When people tell me that they cannot abide somebody and are leaving our church because of somebody else, I ask them, “If both he and you confess to be saved, and he dies first, are you going to tell God that you don’t want to go to heaven because the other person is there first?” Are you going to convince God somehow to eject that Christian you don’t like from heaven? I mean, it really shows the lack of understanding of salvation of these people.
What defines us as Christians?
1John 2:10 He that loveth his brother abideth in the light, and there is none occasion of stumbling in him. 1John 2:11 But he that hateth his brother is in darkness, and walketh in darkness, and knoweth not whither he goeth, because that darkness hath blinded his eyes.

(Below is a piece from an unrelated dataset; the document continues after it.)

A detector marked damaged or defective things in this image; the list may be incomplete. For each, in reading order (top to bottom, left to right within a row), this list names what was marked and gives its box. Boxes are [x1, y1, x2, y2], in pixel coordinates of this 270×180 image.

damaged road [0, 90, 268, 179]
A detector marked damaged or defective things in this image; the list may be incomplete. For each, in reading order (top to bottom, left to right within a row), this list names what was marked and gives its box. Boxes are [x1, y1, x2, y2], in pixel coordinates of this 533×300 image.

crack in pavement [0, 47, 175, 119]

I have preached on loving your brother til I am feeling guilty myself of neglecting so many other essential preaching topics to hit this so much. Reminds me of the example of a new preacher that came to a small country church and preached on John 3:16. After the service, the people told the pastor how excellent was his sermon. The next Sunday he preached the same sermon again. Then the next Sunday, and after about 4 Sundays the men of the church got together asked to speak to the Pastor. They said, “Pastor, you have preached the same sermon 4 times now, so is that the only sermon you have?” And the pastor said, “No, but I cannot go on to something else to you learn this one, which is apparent you haven’t yet.” This is my sentiment exactly.
1John 4:20 If a man say, I love God, and hateth his brother, he is a liar: for he that loveth not his brother whom he hath seen, how can he love God whom he hath not seen? 1John 4:21 And this commandment have we from him, That he who loveth God love his brother also.
I think that one of the things that God wants in these verses is to emphasize the fact that salvation has a real presence in the essence of your being. You cannot (legitimately) claim to be a child of God and act like a child of the devil.
Dealing with the devil’s kids in God’s house
The problem is simple. They mess up God’s work. We need to live by and treat these people by the principles of God, and rebuke sin (especially unrepentant sin), and we need to refute false doctrine. At times false doctrine very clearly shows in the actions, attitudes, and speech of a person. This needs to be rebuked. We also need to show them the love of God without conceding to them control of God’s church, i.e. giving in to their temper tantrums.
Beyond that, dealing with these people need to be with principles. We need to hold their feet to the fire. Insist on Bible principles with them.